Howard Schmidt, cyber security coordinator and special assistant to the president, says: "No longer should individuals have to remember an ever-expanding and potentially insecure list of usernames and passwords to login into various online services. Through the strategy we seek to enable a future where individuals can voluntarily choose to obtain a secure, interoperable, and privacy-enhancing credential (e.g., a smart identity card, a digital certificate on their cell phone, etc) from a variety of service providers-both public and private-to authenticate themselves online for different types of transactions (e.g., online banking, accessing electronic health records, sending email, etc.)."

Experts following the Administration's cyber security efforts say this is an admirable goal, but what Schmidt describes is a federated identity system-and that is hardly a new concept. The problem has always been implementation. Who exactly will offer these identity credentials and who will be liable should they fail? On these important issues the draft paper from National Strategy for Trusted Identities in Cyberspace (NSTIC) offered few details. Avivah Litan, vp and distinguished analyst at Gartner, says that "Howard Schmidt is a pretty progressive, thoughtful person who is likely to bring fresh ideas to the Administration." But as for the recent draft, she hoped for more. "It's a wishy-washy statement, but at least it's a statement. But I'd like to have seen some more pragmatic steps to get it underway."
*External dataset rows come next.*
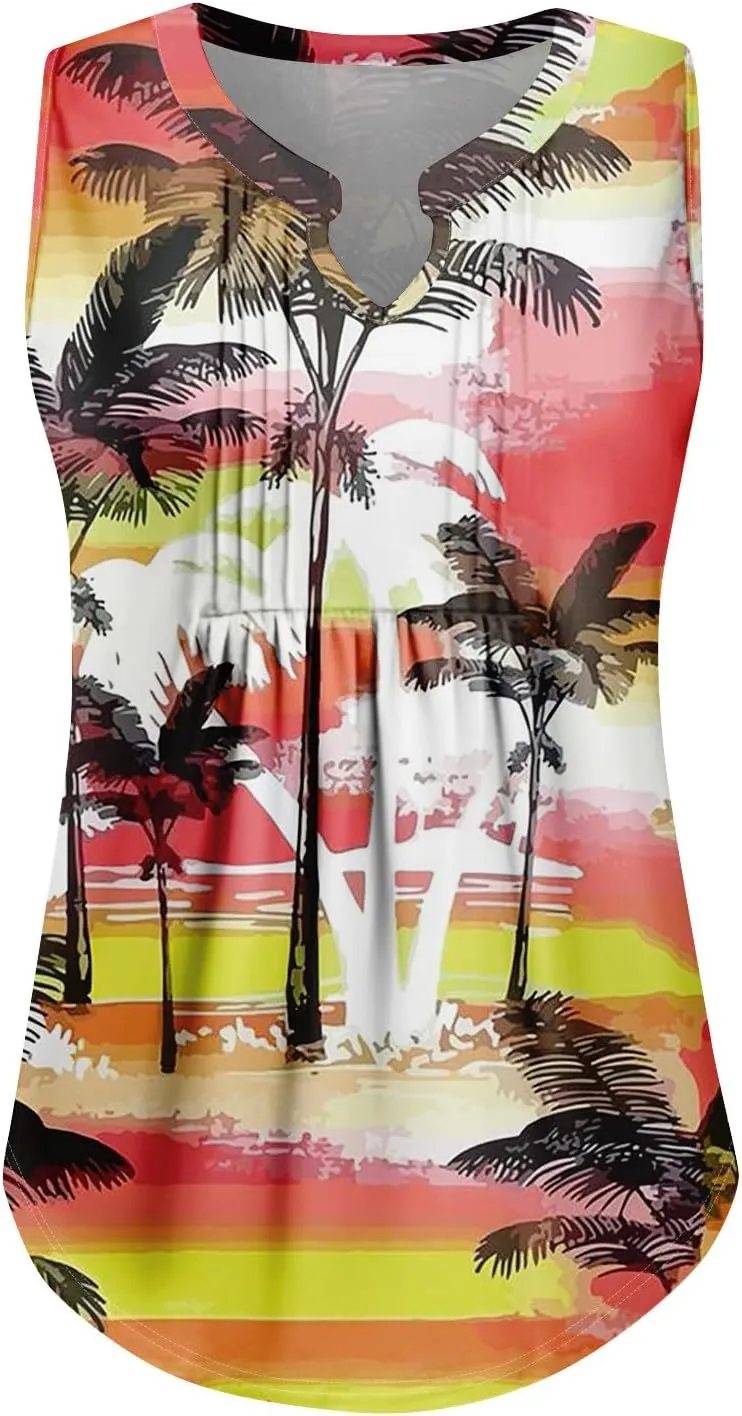 Oversized Graphic Tees for Women Summer Graphic Tops Sleeveless V Neck Tshirt Loose Fit Casual Tank Tunic Blouses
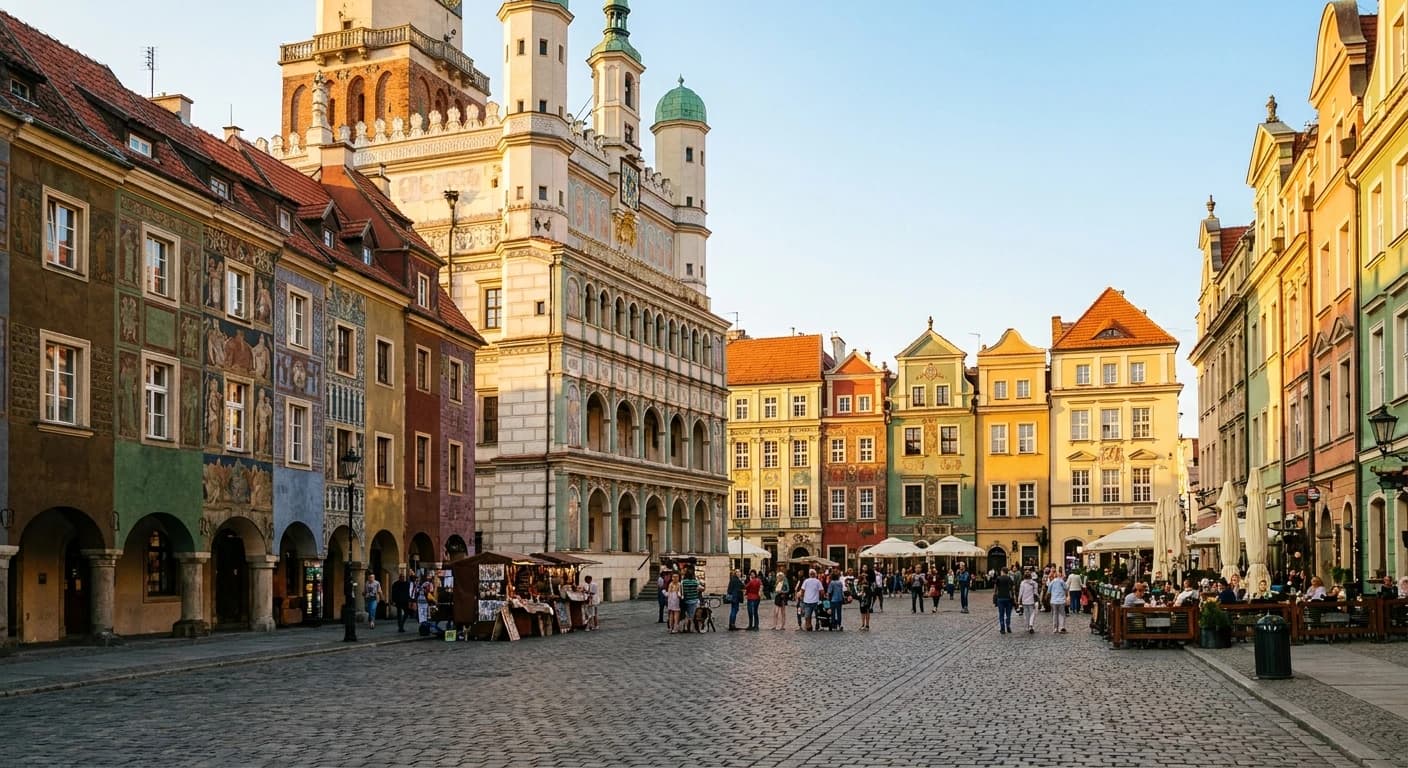 Colorful Renaissance townhouses surrounding the historic Old Market Square in Poznań at golden hour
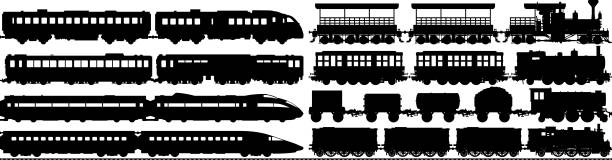 ilustrações de stock, clip art, desenhos animados e ícones de highly detailed train silhouettes - train line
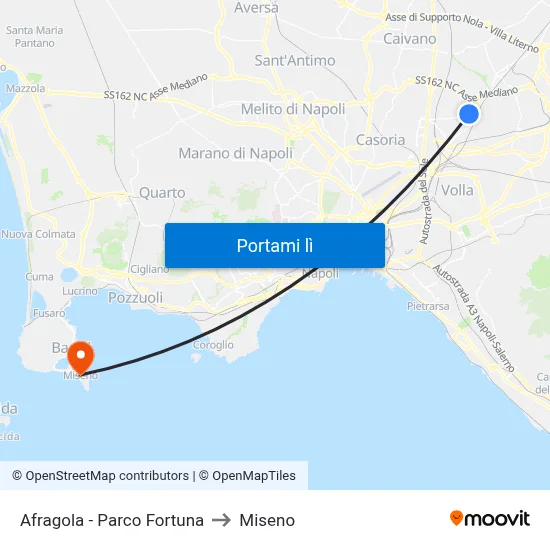 Afragola - Parco Fortuna to Miseno map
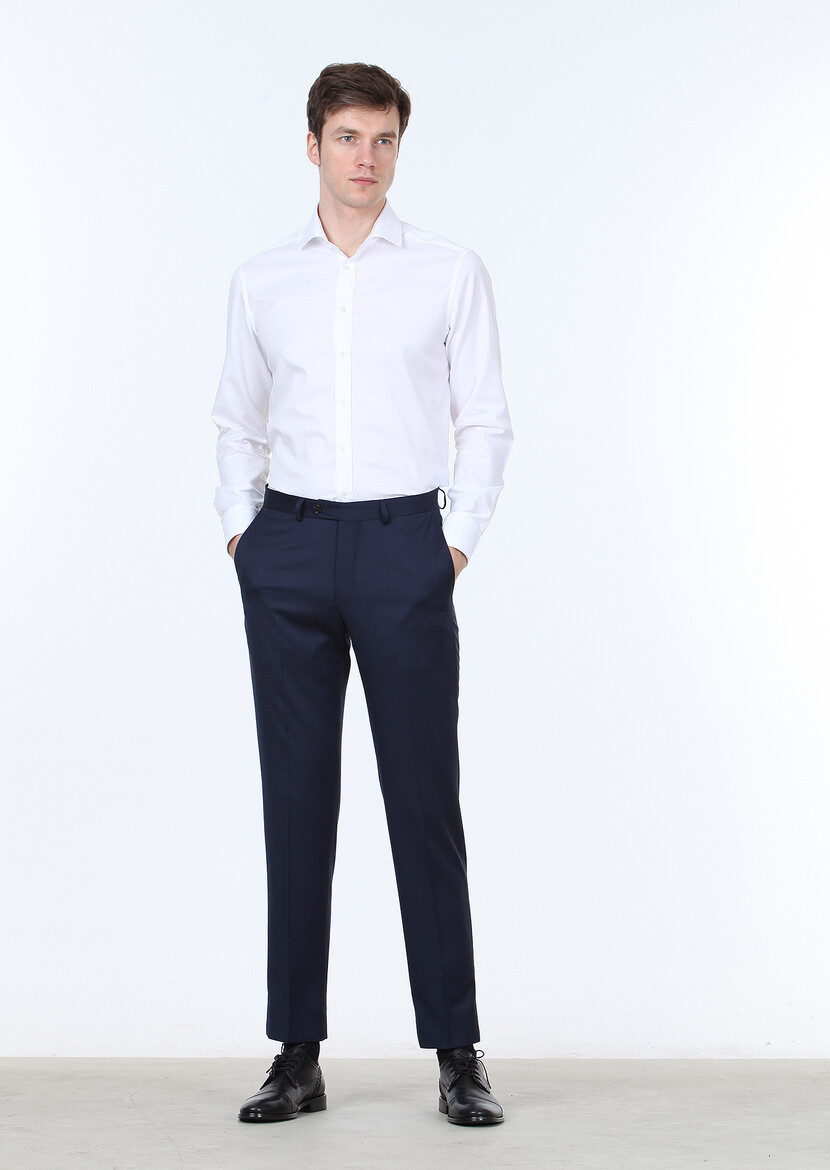 Saks Material Regular Fit Classical 100% Wool Trousers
Thomas J. Smedinghoff, a partner in the privacy and data security practice at Wildman, Harrold, Allen & Dixon in Chicago, and co-chair of the American Bar Association's Federated Identity Management Legal Task Force, says the draft offers little in the way of details. But, helpfully, it does identify the key barriers to a federated identity system and states broadly how the government might help eliminate them, such as proposing legislation addressing privacy and liability issues, being an early adopter, and helping to push the industry toward setting standards.

In any federated system banks have some important decisions to make, says Smedinghoff. They might leverage their identify know-how and offer this service themselves, or they could offload the responsibility to a third party. That second option is unlikely, says Litan, at least for big banks. "They want to own the customer," she says, and they see identity as part of "the ownership turf."